A Comment About

The Real Immigration Double Standard

May 14, 2008 - 12:30 am - by William T. Quick
Charles
2008-05-14 09:25:15

Republicans still trying to run amnesty through congress.

The reason the republicans lost in mississippi is that they are still trying to sneak illegal aliens into the country with stuff buried in bills going through congress. Consider this law with a little clause forbidding employers from checking the status of illegals. That’s just the start:

Section 101(b)(2)(A), which reduced to simple language* would preempt and ban any and all state or local law for immigration-related issues enacted to impose employer fines or sanctions, or would forbid any laws requiring employers to verify work status or identity for work authorization. It would also prevent any unit of government from verifying status of renters, determining eligibility for receipt of benefits, enrollment in school, obtaining a business or other license, or conducting a background check.

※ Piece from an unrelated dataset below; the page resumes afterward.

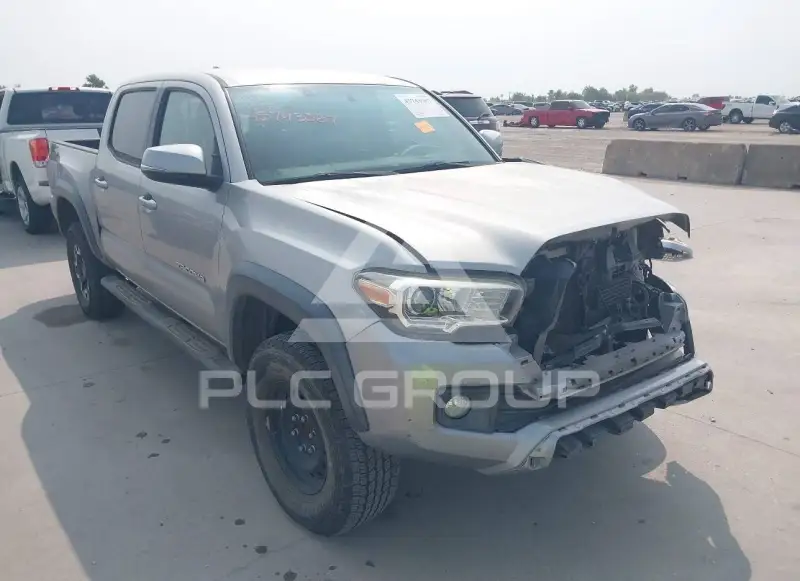 2017 Toyota TACOMA photo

This preemption, buried deep in the text of the bill, would kill all the laws recently enacted by long-suffering states and localities in response to the federal government’s unwillingness to enforce its own federal laws on immigration. Gone would be the recent highly effective and highly successful enforcement legislation of Arizona and Oklahoma, the local laws and ordinances of towns like Hazleton, PA, Costa Mesa, CA, Herndon and Prince William, Virginia, and over a hundred other localities, and of hundreds more in process of enactment.

For one example, the control of business licenses is now one of the few areas not preempted. It is one of the few tools still left to states and local governments to fight the presence and hiring of illegal workers, and the award of benefits and welfare. NEVA would take even those tools away. Having abdicated its own responsibilities on immigration enforcement, the Congress is apparently on a search-and-destroy mission for any lower elected body that might actually want to follow the rule of law and provide the protection for its citizens that the federal government seems incapable and unwilling to provide.

Although labeled “bipartisan”, this bill submitted by Rep. Sam Johnson (R-Tex.) is overwhelmingly Republican in its sponsorship (28 out of 31). It appears to be a counter to Democrat Heath Shuler’s SAVE Act legislation, a much better, if not perfect, alternative now blocked by fellow Democrat Speaker Pelosi’s pro-illegal obstinacy.